AJAN OLMAK İSTEMESİNE RAĞMEN ANNESİ YÜZÜNDEN ÜNLÜ BİR MANKEN OLAN GÜZEL KİM?
İlk podyuma çıktığınızda kaç yaşındaydınız?
- 17 yaşındaydım. Milano’da podyuma çıktım ama ne defilesi olduğunu hiç hatırlamıyorum.
Hayalinizdeki meslek mankenlik miydi?
- Kesinlikle hayır. Kriminal olaylara ilgi duyuyordum ve gizli ajan olmak istiyordum. Annemin zoruyla manken oldum.
Aa... Bizde genelde tam tersi olur. Nasıl bir aileniz var?
- Çok normal bir ailem var. Kimse ünlü, zengin filan değil. Güney İspanya’da doğdum. 16 yaşındayken annem benim için bir model ajansından randevu aldı. Ertesi gün manken olmuştum. İlk fotoğraf çekimimi bir katalog için Güney Afrika’da yaptım. Sonra Barcelona’ya taşındım. Ama yanlış yere taşınmışım. Meğer Milano’ya gitmem gerekiyormuş. Bunu öğrenir öğrenmez de Milano’ya yerleştim.
Biz sizi DKNY’nin modeli olarak tanıyoruz.
-Bütün dünya öyle tanıyor. Donna Karan sayesinde ünlü oldum. 1996’da bir günlüğüne New York’a gitmiştim. Ajansım tasarımcılar ve marka yetkilileriyle görüşmeler ayarlamıştı. Bir günde 22 kişiyle görüştüm. Onlardan biri de Donna Karan’dı. Katalog çekimi için anlaştık. Çekimler için New York’a gittiğimde oraya yerleşmeye karar verdim. 8 yıldır orada yaşıyorum.
Siz nasıl bir modelsiniz? Seksi, feminen, cazibeli, erkeksi?

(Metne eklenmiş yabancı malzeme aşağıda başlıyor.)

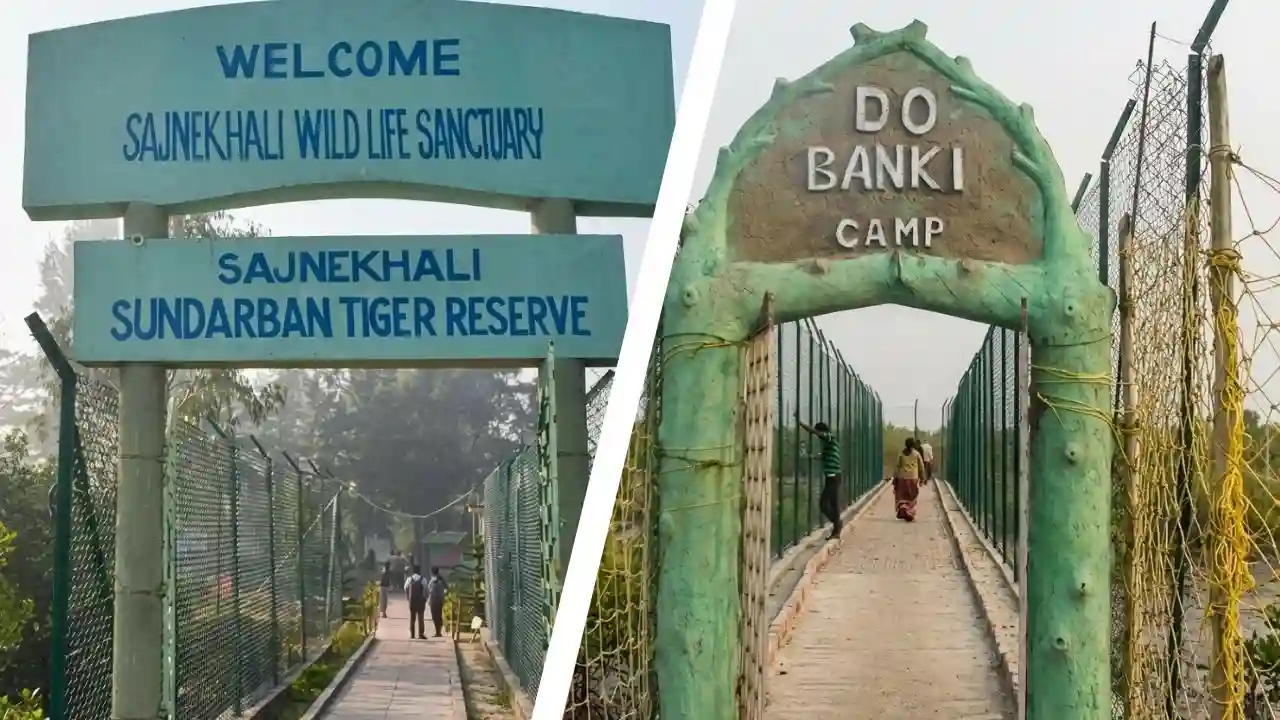 Sajnekhali Watchtower and Dobanki entry gate during Sundarban sightseeing tour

-Beni ilk gören, vamp olduğuma karar verir. Oysa DKNY’nin çok romantik kıyafetlerini de taşıdım. Seksi, asi, fark etmez. Tasarımcı ve marka beni nasıl görmek istiyorsa öyle olabilirim. İşimin en eğlenceli tarafı da bu zaten. Bukalemun gibi değişiyoruz.
Evli misiniz?
-DKNY’nin erkek modeli Mark Vanderloo ile evliydim ama boşandım. Anlayacağınız DKNY hayatımın her alanını etkiledi!
Formunuzu nasıl koruyorsunuz?
-Ailemdeki herkes zayıf. Anneme ve babama çok benziyorum. Mavi gözlerimi babamdan almışım. Anoreksik değilim, her istediğimi yiyorum ama aşırı spor yapıyorum. Galiba spor bağımlısıyım.
Ester Canadas deyince herkesin aklına dudaklarınız geliyor.
- Herkesin değil, bazı insanların aklına geliyor.
Peki öyle olsun. Ama zaten yeterince dudaklarınız varken neden gidip bir de silikon yaptırdınız?
- Bu soruya cevap vermek istemiyorum. Canım istedi yaptırdım, hepsi bu!
Özlem Önal ve Tansa Mermerci ile yakın arkadaş olduğunuz doğru mu?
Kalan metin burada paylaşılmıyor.